Un futuro basado en la fe del pasado
Cuando hace treinta años en los cementerios de la ciudad se hicieron pintadas escribiendo Non sanno che se so' perso ["No saben lo que se han perdido"] después de ganar el primer Scudetto, pocos podían pensar en aquellos momentos que dos décadas más tarde el Nápoles descendería dos veces a la Serie B, llegaría a caer a la Serie C y tendría que ser rescatado de la quiebra en el año 2007. Resurgiendo desde el infierno de la tercera división italiana, con la llegada de la segunda década del sXXI se produjo un renacimiento futbolístico que permitiría de nuevo la consolidación del club a Primera división, la consecución de dos Coppa Italia y varias participaciones en la Champions League. Por fin, todo indicaba que el pasado dejaría de ser el único consuelo para satisfacer el presente, pero no fue hasta la temporada 2017-2018 cuando un equipo filarmónico y comandado bajo la batuta de Maurizio Sarri estuvo a punto de saborear de nuevo la gloria. Como una orquesta capaz de hacer el mejor fútbol que nunca se haya visto a los pies del Vesubio, aquel Nápoles fue capaz de batir todos los récords posibles, alcanzar el mayor número de puntos en una sola temporada en toda la historia del club y competirle la liga a la Juventus hasta la última jornada. No fue posible ganarla, Sarri se marchó a final de temporada y la ciudad sigue todavía hoy luchando contra su propio mito, anclada a finales de los ochenta y limpiando el recuerdo de aquellos días de gloria en los cuales un argentino que no llegaba al metro setenta se convirtió para los napolitanos en un auténtico mesías más venerado que San Gennaro.

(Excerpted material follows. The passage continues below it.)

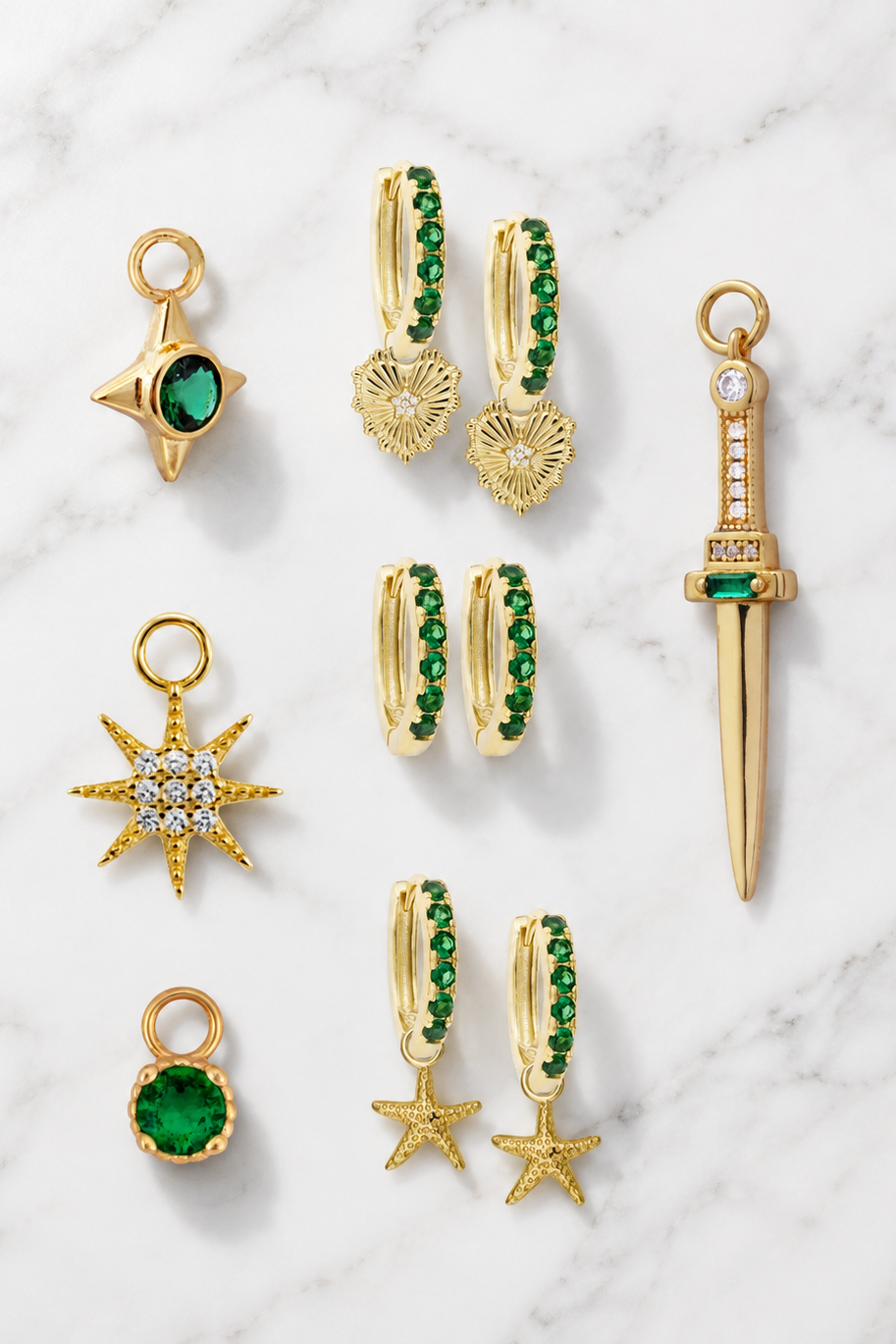 Emerald Midi hoops with or without Charms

Sin duda, mirar adelante y dejar de hablar del Nápoles -y de Nápoles- sin basarlo todo en el jugador más importando de la historia del club partenopeo no será fácil, como tampoco lo ha sido escribir un artículo sobre Nápoles mencionando sólo una vez el nombre de El Pelusa, el napolitano nacido en Buenos Aires que cambió la historia no sólo de una ciudad, sino de su sociedad.